Sunday, January 23, 2011

Everyone Is Colored

Whenever I hear the term “people of color”, there is a deafening silence that ensues. The silence is my own, since I object so much to the term and have to swallow it quietly. Certainly, this particular saying is the offspring of America’s troubled racial history—when it was necessary to separate people by skin color. I have traveled the world and know firsthand that to describe someone as “colored” in a country like say, Egypt, would bring laughter and bewilderment. It is so obvious that everyone is colored.

To say “people of color” is like saying “apples of the trees” or “horses of four legs” and yet, people continue to make use of this phrase and it is often heard in otherwise serious conversation. I have written on this subject before, see: People Of Color.

Recently, I have been working on a series of images using photos I took several years ago. At the time, I arranged to work with a very light skinned young woman, and asked her if she would model with a male. She told me her roommate would probably agree, and that he was black. Immediately, I welcomed this arrangement and soon, we were in my studio to work together.

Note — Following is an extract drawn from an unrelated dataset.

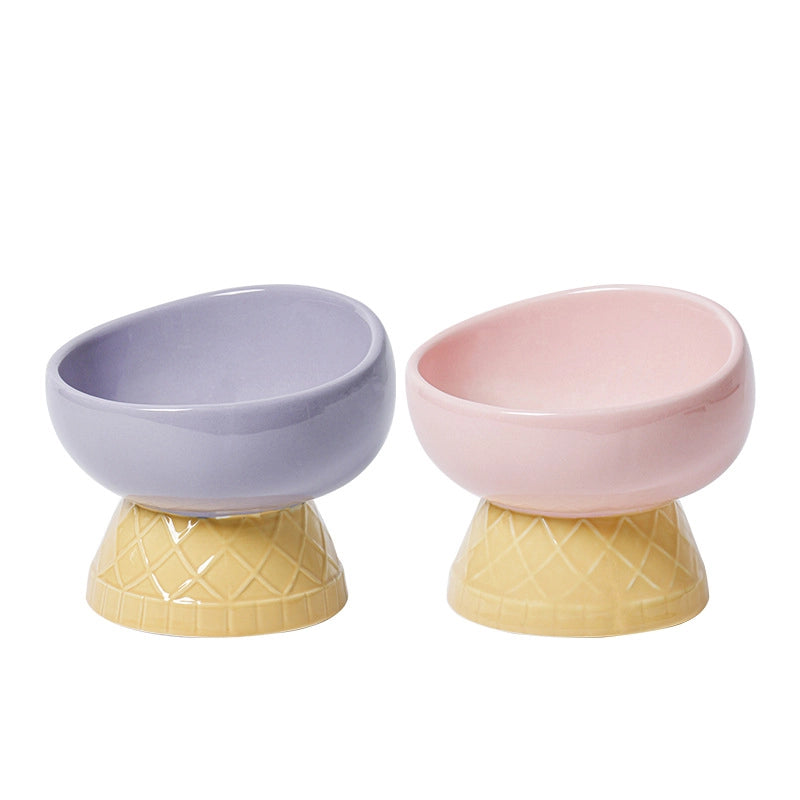 Cat Bowl Ceramic Protective Cervical Spine Drinking Bowl Pet Supplies Cute Oblique Mouth Anti-knock Dog Rice Bowl Cat Food Bowl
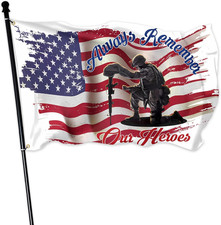 Memorial Day Flag 3X5 Ft for Outdoor Always Remember Our Heroes Flag Large Doubl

The entire session was delightful, especially since the two young people were perfectly at ease with each other and uninhibited enough to be naked and close and without tension. They were like little children—innocent, free, and untainted by guilt from notions of original sin.

I have been re-visiting the images from those sessions. With my wide-format printer, I can print on paper or canvas, up to almost four feet wide. Then I stretch the canvas on to stretcher bars, as I normally do with paintings. After that, I can paint them, making them into more than simple photographs. They become mixed-media art.

While I work, I love the contrast between her pale skin tones and his rich, chocolate color. In places, I intentionally blur areas that separate them, so that they are melding together.